'''
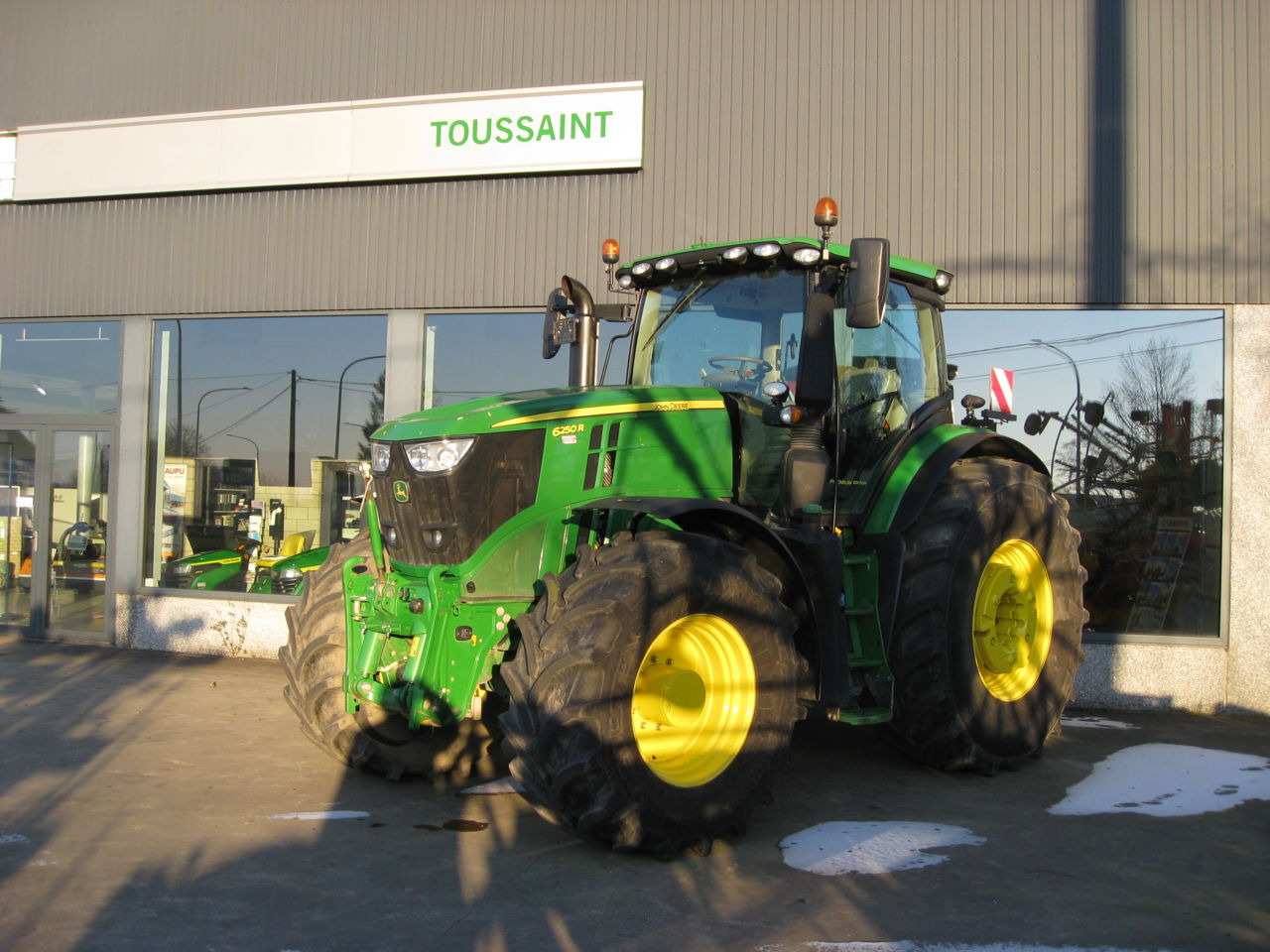 John Deere 6250R - Traktor: 4 kép. John Deere 6250R - Traktor: 4 kép.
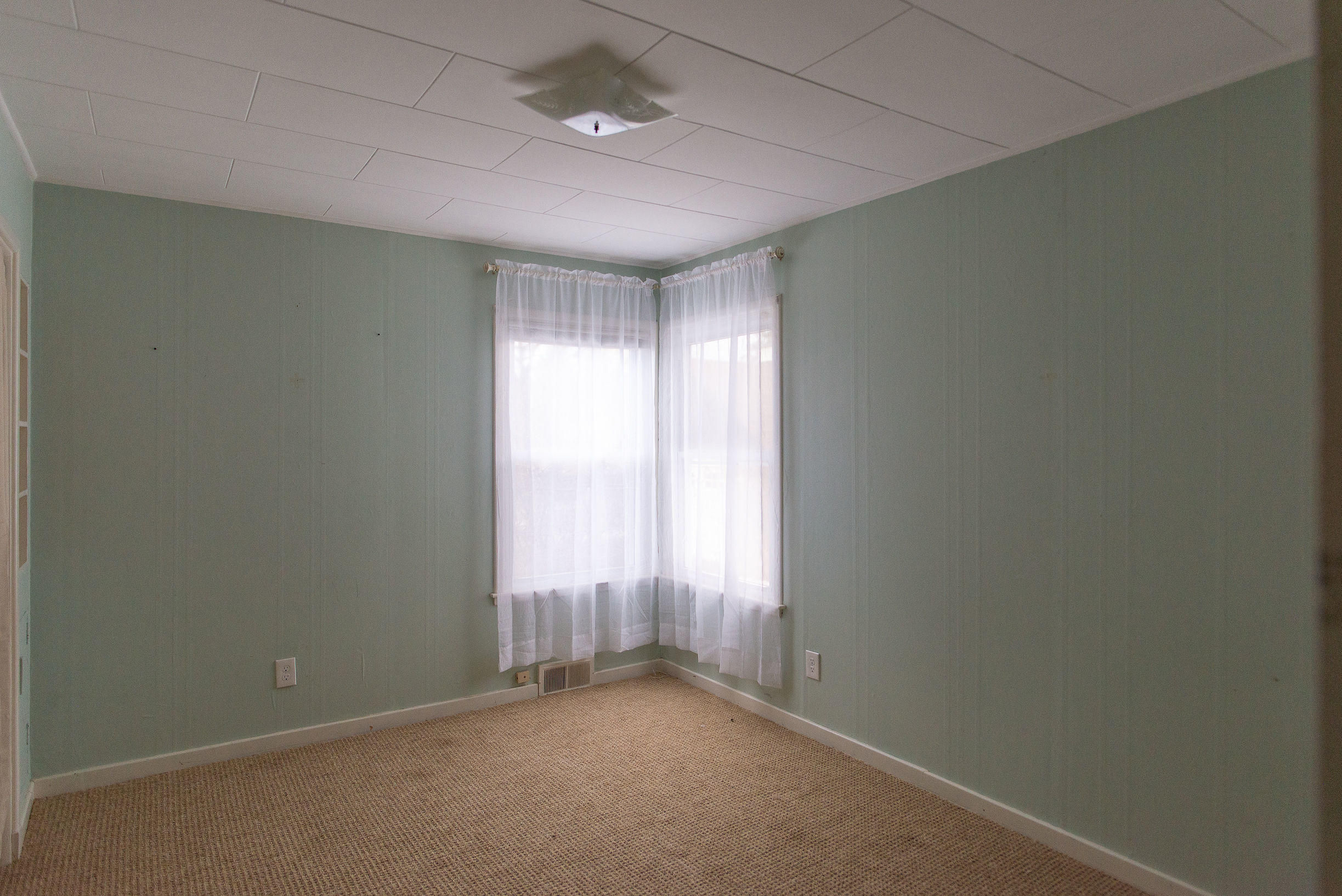24 Caron Lane Auburn ME 04210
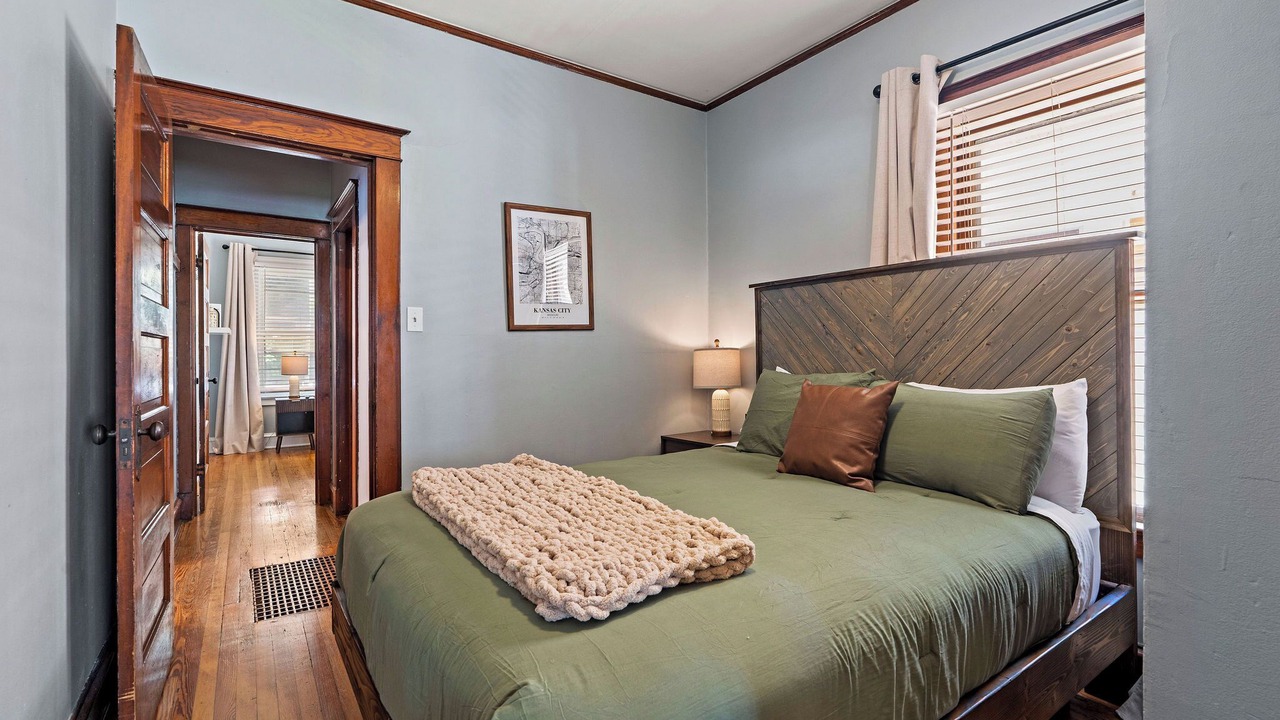 Photo of Bedroom in West Plaza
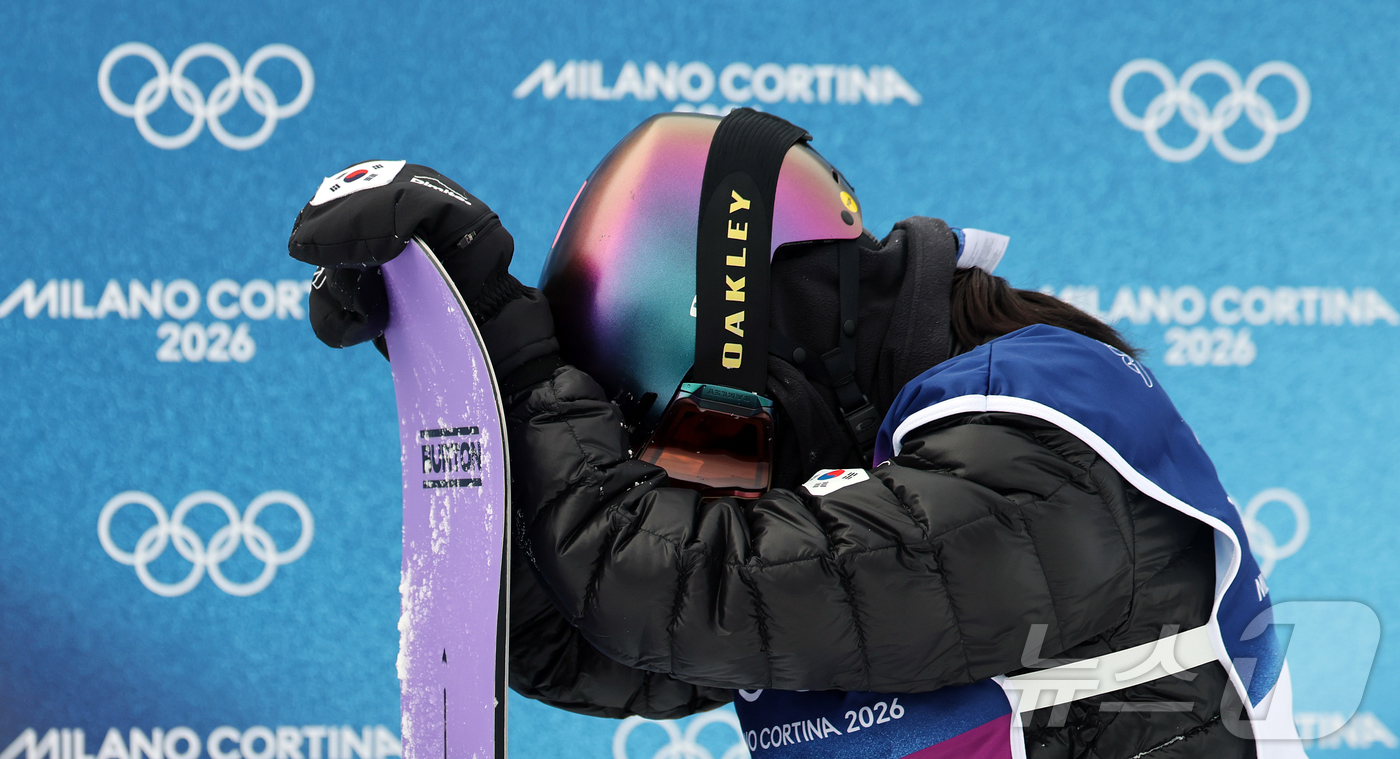 (리비뇨=뉴스1) 김진환 기자 = 스노보드 유승은이 18일(현지시간) 이탈리아 리비뇨 스노파크에서 열린 2026 밀라노·코르티나담페초 동계올림픽 스노보드 여자 슬로프스타일 2차 결 …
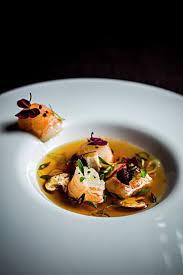 langoustine royale cebette gingembre et coriandre bouillon des pinces infuse a la citronnelle eri cuisine gastronomique design culinaire langoustine recette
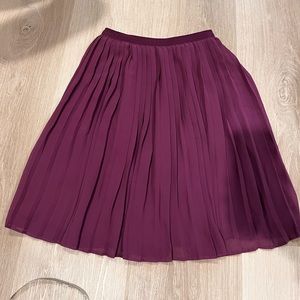 NWOT- Uniqlo Pleated Skirt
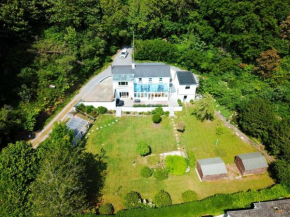 Gordy Hall -Sea facing Welsh cottage with stunning views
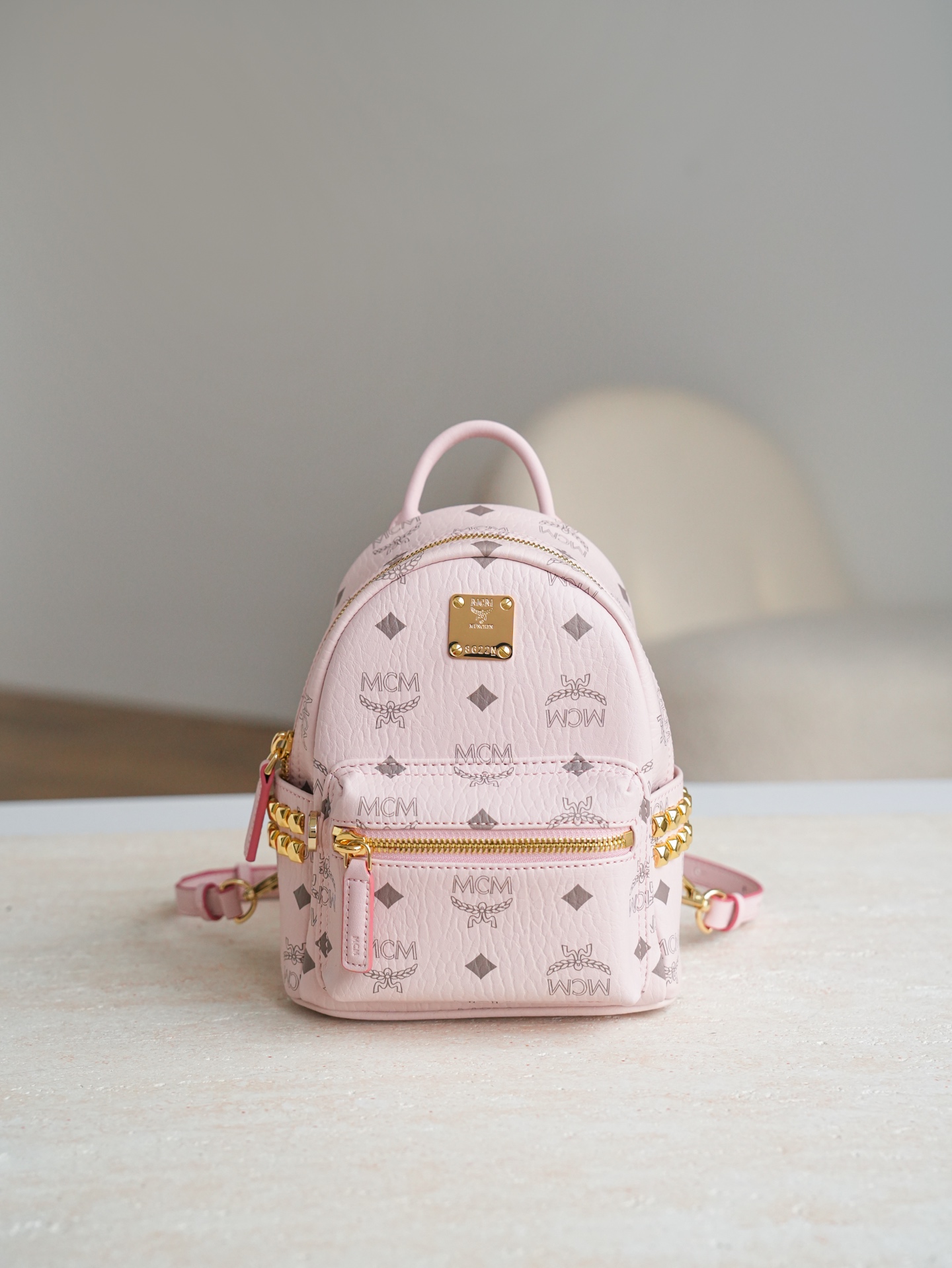 ®五金全新升级®官网同步𝙈𝘾𝙈 𝙎𝙩𝙖𝙧𝙠 𝙑𝙞𝙨𝙚𝙩𝙤𝙨雾霾粉 超mini#铆钉双肩包·CP独家出品｜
'''
- **Task prompt**
Copy verbatim the span that opens at the line with "langoustine royale cebette" and closes at the final line of the listing. Do not carry over any pictures.

- **Output**
 langoustine royale cebette gingembre et coriandre bouillon des pinces infuse a la citronnelle eri cuisine gastronomique design culinaire langoustine recette
 NWOT- Uniqlo Pleated Skirt
 Gordy Hall -Sea facing Welsh cottage with stunning views
 ®五金全新升级®官网同步𝙈𝘾𝙈 𝙎𝙩𝙖𝙧𝙠 𝙑𝙞𝙨𝙚𝙩𝙤𝙨雾霾粉 超mini#铆钉双肩包·CP独家出品｜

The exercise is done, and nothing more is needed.